Enfin — et c'est là que la plupart des plans se trompent — fondez le choix de qui reçoit cet onboarding à haut contact sur autre chose que l'organigramme. L'ancienneté, le rôle et le stade de développement sont des attributs individuels, pas des attributs du titre de poste ; les juniors qui ont le plus besoin d'un mentorat initial dense ne sont pas toujours ceux qu'une politique générique signalerait. C'est une question de mesure, et les questions de mesure se résolvent mieux avec des données qu'avec l'intuition. La base d'évaluation de Scovai est conçue pour profiler exactement les traits de développement et de préparation au rôle qui vous disent quelles embauches débutantes ont besoin du parcours structuré en présentiel et lesquelles peuvent prospérer dans un dispositif hybride à contact plus léger — afin que la proximité que vous pouvez vous permettre de programmer tombe sur les personnes dont la trajectoire à long terme change vraiment.
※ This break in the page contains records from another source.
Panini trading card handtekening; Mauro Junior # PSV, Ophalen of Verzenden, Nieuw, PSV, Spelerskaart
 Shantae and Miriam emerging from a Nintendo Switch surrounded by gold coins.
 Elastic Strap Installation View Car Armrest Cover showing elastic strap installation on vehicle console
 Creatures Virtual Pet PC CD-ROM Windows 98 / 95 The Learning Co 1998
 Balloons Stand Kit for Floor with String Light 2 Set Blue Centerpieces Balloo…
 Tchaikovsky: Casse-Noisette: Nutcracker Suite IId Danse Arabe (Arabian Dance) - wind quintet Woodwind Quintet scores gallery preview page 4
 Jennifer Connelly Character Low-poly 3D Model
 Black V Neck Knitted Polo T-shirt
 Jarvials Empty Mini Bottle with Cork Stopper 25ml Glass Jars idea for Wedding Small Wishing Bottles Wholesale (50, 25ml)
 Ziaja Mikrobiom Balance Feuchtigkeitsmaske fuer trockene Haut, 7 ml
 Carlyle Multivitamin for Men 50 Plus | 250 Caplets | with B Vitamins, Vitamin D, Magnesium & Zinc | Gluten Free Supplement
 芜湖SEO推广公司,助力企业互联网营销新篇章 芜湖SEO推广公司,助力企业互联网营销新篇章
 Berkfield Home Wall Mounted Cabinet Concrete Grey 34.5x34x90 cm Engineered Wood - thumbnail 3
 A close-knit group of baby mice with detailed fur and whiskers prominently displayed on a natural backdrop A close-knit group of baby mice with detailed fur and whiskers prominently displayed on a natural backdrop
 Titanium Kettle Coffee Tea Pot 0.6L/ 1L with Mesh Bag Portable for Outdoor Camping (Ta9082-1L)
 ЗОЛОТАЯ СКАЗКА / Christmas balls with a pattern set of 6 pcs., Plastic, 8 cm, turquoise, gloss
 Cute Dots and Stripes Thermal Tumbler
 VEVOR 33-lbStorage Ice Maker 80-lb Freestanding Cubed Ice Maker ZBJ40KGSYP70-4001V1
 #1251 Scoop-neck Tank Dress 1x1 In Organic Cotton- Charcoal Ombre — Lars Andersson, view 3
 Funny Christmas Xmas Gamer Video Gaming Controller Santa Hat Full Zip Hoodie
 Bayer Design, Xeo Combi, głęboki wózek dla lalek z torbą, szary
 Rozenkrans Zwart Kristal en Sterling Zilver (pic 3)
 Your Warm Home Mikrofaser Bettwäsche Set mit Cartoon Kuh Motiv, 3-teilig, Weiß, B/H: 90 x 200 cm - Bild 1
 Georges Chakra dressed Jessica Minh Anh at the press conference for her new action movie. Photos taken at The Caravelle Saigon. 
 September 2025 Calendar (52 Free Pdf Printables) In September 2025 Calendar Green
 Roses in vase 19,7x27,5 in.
Lambert et Schindler ont remis aux dirigeants des opérations un reçu d'une clarté embarrassante : la force qui effondre votre vivier junior est celle de votre politique de travail hybride, pas celle de votre stack IA. La seule décision que cela laisse sur votre bureau ce trimestre est étroite. Ouvrez votre plan d'embauche des débutants et trouvez le levier qu'il actionne pour « réparer » l'entonnoir. Si ce levier s'appelle IA — le mettre en pause, s'appuyer dessus pour couvrir le travail débutant, attendre qu'il se stabilise — vous réglez un bouton qui n'est pas relié au résultat. Celui qui l'est, c'est le calendrier en présentiel de vos embauches de première année, et vous pouvez le changer avant la fin du trimestre.